Taiwan’s Foreign Minister Joseph Wu said on Monday that relations with the United States had been elevated to a global partnership after the US moved to lift decades-long restrictions on diplomatic interactions and prepared to send its UN Ambassador to the island.
Wu told reporters in Taipei the decision by outgoing Secretary of State Mike Pompeo, just a day after the US announced Ambassador to the United Nations Kelly Craft would visit the island this week, was a “big thing”.
Craft is due to meet Taiwan’s President Tsai Ing-wen on Thursday, Wu said.
“Taiwan-US relations have been elevated to a global partnership,” he told reporters. “The foreign ministry will not let our guard down and hope to continue to boost the development of Taiwan-US ties.”
The visit and the relaxation of restrictions come less than two weeks before US President-elect Joe Biden is set to formally take office and is likely to fuel anger in China, which views Taiwan as its own territory and has worked to keep the island isolated on the world stage.
Although the US, like most countries, has no official ties with Taiwan, it is bound by law to provide it with the means to defend itself and under President Donald Trump has stepped up sales of weapons and equipment and sent senior officials to Taipei in moves that have drawn condemnation from China.

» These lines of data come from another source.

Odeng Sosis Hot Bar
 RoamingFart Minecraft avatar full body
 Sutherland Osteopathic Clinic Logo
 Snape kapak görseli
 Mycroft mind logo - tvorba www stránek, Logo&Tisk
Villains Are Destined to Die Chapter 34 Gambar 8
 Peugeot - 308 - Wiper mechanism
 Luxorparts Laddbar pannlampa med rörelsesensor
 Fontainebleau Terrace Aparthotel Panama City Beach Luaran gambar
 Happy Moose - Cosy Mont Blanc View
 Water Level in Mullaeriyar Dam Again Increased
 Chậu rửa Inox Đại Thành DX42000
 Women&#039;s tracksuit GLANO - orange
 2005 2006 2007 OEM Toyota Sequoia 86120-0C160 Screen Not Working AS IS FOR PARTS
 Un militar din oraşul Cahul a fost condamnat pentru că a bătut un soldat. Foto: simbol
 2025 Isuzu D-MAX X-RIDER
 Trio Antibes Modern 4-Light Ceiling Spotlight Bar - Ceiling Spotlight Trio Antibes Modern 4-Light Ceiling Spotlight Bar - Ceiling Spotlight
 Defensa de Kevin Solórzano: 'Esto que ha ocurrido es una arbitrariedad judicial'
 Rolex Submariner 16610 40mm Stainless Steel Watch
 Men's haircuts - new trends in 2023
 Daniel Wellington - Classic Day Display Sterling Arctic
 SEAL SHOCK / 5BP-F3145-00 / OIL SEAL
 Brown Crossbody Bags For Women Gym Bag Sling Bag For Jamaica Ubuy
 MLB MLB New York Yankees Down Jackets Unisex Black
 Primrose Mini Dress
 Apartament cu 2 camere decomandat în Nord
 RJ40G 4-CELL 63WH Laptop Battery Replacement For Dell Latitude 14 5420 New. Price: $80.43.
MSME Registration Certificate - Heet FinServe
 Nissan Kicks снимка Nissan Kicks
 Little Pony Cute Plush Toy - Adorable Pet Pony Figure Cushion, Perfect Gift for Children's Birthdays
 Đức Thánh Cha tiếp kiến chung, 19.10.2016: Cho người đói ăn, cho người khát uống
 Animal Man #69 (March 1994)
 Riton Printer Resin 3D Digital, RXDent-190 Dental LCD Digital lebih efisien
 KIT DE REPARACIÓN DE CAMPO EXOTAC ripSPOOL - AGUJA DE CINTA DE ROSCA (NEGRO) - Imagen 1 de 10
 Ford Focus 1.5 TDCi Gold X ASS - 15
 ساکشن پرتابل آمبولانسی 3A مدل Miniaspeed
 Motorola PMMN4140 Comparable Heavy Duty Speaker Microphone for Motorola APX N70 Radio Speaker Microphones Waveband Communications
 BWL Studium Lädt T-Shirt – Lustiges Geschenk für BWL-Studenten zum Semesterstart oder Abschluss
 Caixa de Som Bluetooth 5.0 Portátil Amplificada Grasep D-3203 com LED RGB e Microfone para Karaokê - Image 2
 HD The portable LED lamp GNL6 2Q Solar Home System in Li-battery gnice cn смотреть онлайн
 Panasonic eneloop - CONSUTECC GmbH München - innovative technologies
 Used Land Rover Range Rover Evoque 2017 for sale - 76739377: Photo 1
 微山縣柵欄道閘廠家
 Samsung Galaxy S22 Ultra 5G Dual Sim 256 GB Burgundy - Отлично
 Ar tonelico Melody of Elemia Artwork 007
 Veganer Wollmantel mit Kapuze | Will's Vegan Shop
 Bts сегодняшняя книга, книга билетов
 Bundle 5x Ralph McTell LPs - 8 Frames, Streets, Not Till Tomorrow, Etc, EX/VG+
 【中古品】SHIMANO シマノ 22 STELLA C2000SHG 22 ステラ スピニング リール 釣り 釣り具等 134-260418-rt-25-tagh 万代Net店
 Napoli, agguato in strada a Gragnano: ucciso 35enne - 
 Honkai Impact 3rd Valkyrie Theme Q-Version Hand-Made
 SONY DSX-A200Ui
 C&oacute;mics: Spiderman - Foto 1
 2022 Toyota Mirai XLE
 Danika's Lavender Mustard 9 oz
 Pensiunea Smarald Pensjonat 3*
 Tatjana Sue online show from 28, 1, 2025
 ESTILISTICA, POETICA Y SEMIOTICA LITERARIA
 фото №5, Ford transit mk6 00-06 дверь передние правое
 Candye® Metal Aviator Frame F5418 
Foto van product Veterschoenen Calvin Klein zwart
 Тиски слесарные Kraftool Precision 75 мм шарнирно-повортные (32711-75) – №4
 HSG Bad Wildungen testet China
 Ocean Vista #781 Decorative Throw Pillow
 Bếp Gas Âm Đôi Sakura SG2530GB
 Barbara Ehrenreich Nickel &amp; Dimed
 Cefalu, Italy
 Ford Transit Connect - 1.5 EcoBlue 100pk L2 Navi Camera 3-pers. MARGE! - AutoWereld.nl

Announcing the move on Saturday, Pompeo said the US government had limited diplomatic interactions “unilaterally” as part of “an attempt to appease the Communist regime in Beijing” and the situation could no longer continue.
Craft will become the most senior US official ever to visit Taiwan when she arrives on the island on Wednesday. Previous high-level visits by US officials have coincided with increased Chinese military activity in the Taiwan Strait.